We stocked up on a few of the 2.5-gal water jugs at the grocery store, but we were able to find potable water many places. Hosmer Grove has a potable water spout at every campsite and a sink by the outhouses. Kipahulu has potable water at the Visitor’s Center (about half a mile walk). Camp Olowalu has potable water at many locations.

The backcountry campgrounds in Haleakalā National Park have water located next to the cabins (a short walk from the campground), dependent on season. In the summer it’s possible there is no water available, and that would change your packing enormously due to the quantity you need in the heat and elevation. All water in the backcountry needs to be filtered.

For water filtration I brought a LifeStraw Gravity filter (which I LOVE), and some iodine tablets as backup. The gravity filter was the perfect system for this trip. I always found a place to hang it (the livestock hitching post at Holua cabin was perfect), or I slung the strap over my shoulder or attached it to my pack.
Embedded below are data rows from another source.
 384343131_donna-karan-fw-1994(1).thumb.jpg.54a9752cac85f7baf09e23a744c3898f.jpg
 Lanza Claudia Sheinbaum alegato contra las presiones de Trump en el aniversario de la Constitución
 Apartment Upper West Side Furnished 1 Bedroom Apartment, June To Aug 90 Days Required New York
A white child with a blue hat and pink balaclava drinks out of a hydration reservoir straw, black sand in the background
Drinking out of the LifeStraw Gravity filter hose while hiking

In addition to water, I needed to bring salts. My body needs a lot of salt and especially hiking at elevation in heat (coming from Alaska where I avoid hiking in heat pretty easily). I went through way more of the LMNT packets than I would normally, hiking at elevation has always been hard for me (but the kids seemed almost unaffected by the elevation!).
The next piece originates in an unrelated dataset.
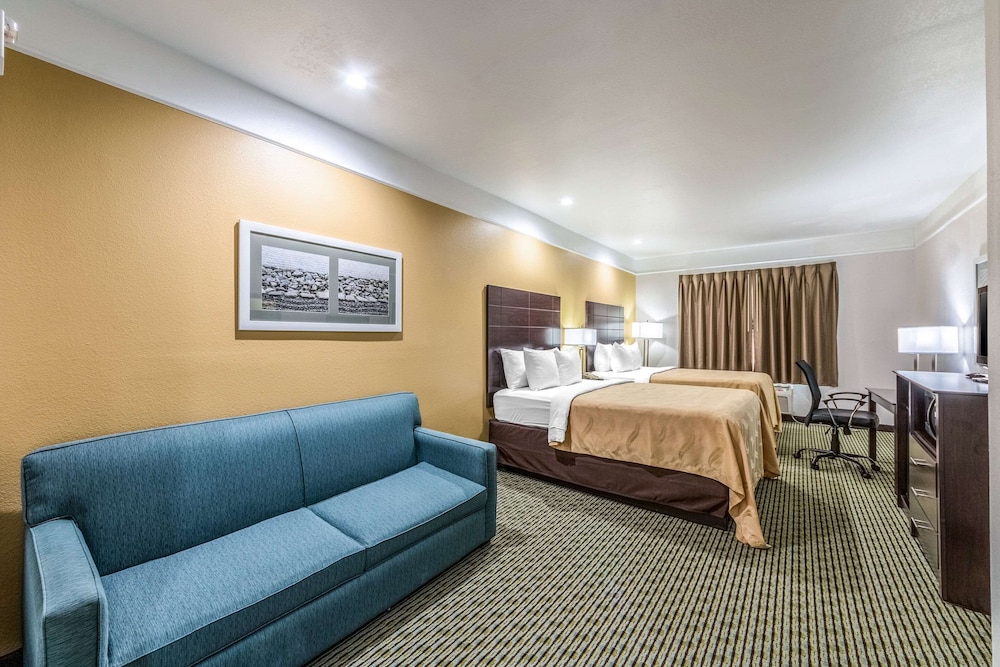 Room, Multiple Beds, Accessible, Non Smoking photo 3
Water bottle with salt hydration packet pictured on lava rocks
LMNT salt in the best flavor, Mango Chili

Camping on Maui Trip Itinerary

We had two weeks on Maui, and it felt like a good amount of time. I could have pushed it longer but the kids were pretty ready to be home so I think 1.5-2 weeks is plenty of time to see everything but not get burnt out.

Yard Stay in Wailuku

  • $70/night, check in after 6pm, leave before 7am

The first night our flight arrived at 9:30pm. This meant that by the time we got our luggage and found our Turo rental, it was 10:30pm. I did not want to drive hours to the National Park to set up our tent that night, and needed to be able to buy food and fuel in the morning.

This meant staying somewhere around Kahului. I couldn’t find anywhere under $200, so I decided to book an AirB&B listing for a yard. You park your car in the fenced yard and have access to a port-a-potty. It cost $70 but was worth it to just know we were going somewhere safe with a bathroom on our first night.

There are showers, laundry, wifi, and pool access. We didn’t use any of those things, but this might make for a good stop if you’re in need of those amenities during a camping trip but don’t want to pay hotel prices.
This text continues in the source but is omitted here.